E. 6.1 Den Beschwerdeführer belegte die Vorinstanz, unter Strafandrohung, mit einer Unterlassungsanweisung (Dispositiv-Ziff. 17 und 18). Sie ordnete deren Veröffentlichung für die Dauer von drei Jahren nach Eintritt der Rechtskraft an (Dispositiv-Ziff. 19).
E. 6.2 Die Veröffentlichung nach Art. 34 FINMAG ist eine verwaltungsrechtliche Sanktion und bezweckt als solche eine abschreckende und generalpräventive Wirkung. Sie ist ein schwerer Eingriff in die Persönlichkeitsrechte des Betroffenen, setzt eine Verletzung aufsichtsrechtlicher Bestimmungen von einer gewissen Schwere voraus und muss im Einzelfall verhältnismässig sein. Die Regelungszwecke des Finanzmarktgesetzes - Funktions-, Anleger- und Gläubigerschutz - müssen die Sanktion und die dem Betroffenen daraus entstehenden Nachteile in seinem wirtschaftlichen Fortkommen mit Blick auf die Schwere der aufsichtsrechtlichen Verletzung rechtfertigen (zum Ganzen vgl. Urteil des BGer 2C_894/2014 vom 18. Februar 2016 E. 8.1 m.w.H.).

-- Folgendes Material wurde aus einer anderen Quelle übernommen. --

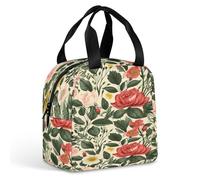 KHAUERBC Borsa portapranzo con rose, per donne e uomini, a prova di perdite, resistente e riutilizzabile, per lavoro, viaggi, attività all'aperto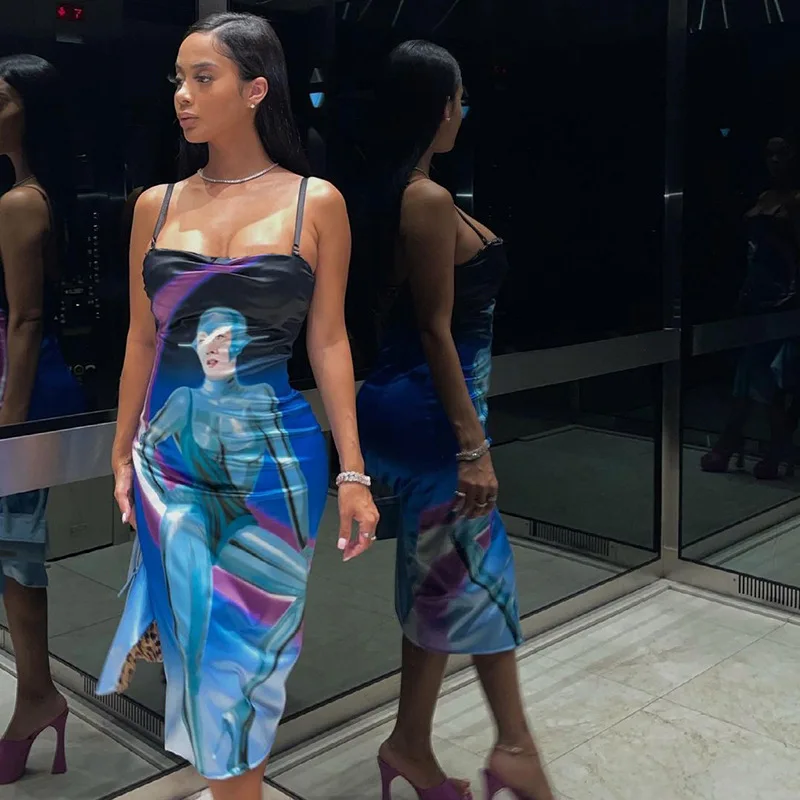 

New Design Autumn Clothing Printed Suspender Slim Sexy Women African Long Dresses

E. 6.3 Die Vorinstanz führt diesbezüglich aus, gegen den Beschwerdeführer seien bereits mehrere Strafverfahren geführt und über mehrere Unternehmen, bei welchen er als Verwaltungsrat oder Direktor geamtete habe, sei der Konkurs eröffnet worden. Aufgrund seiner Vergangenheit, seiner Qualifikation als Rechtsanwalt und seiner Kenntnisse über die Finanzlage der B._______ AG müsse davon ausgegangen werden, dass der Beschwerdeführer eine Anlegerschädigung und eine Verletzung von Aufsichtsrecht bewusst in Kauf genommen habe. Auch habe er gegenüber der FINMA falsche, unvollständige oder keine Angaben zu seinem Tätigkeitsbereich innerhalb der B._______ AG sowie zu seiner persönlichen Vergangenheit gemacht. Es bestehe daher die konkrete Gefahr, dass der Beschwerdeführer die von ihm ausgeübte Tätigkeit auf dem Finanzmarkt in anderer Form und möglicherweise im Namen einer anderen Gesellschaft erneut wiederaufnehmen könnte und dadurch weitere Anleger geschädigt werden könnten. Das öffentliche Interesse, potentielle Anleger vor unerlaubtem Tätigwerden des Beschwerdeführers zu warnen, wiege schwer. Im Vergleich zu D._______ sei indessen beim Beschwerdeführer von einer schweren Verletzung normaler Ausprägung auszugehen. Es sei vorliegend verhältnismässig, die Unterlassungsanweisung nach Eintritt der Rechtskraft für die Dauer von drei Jahren zu publizieren.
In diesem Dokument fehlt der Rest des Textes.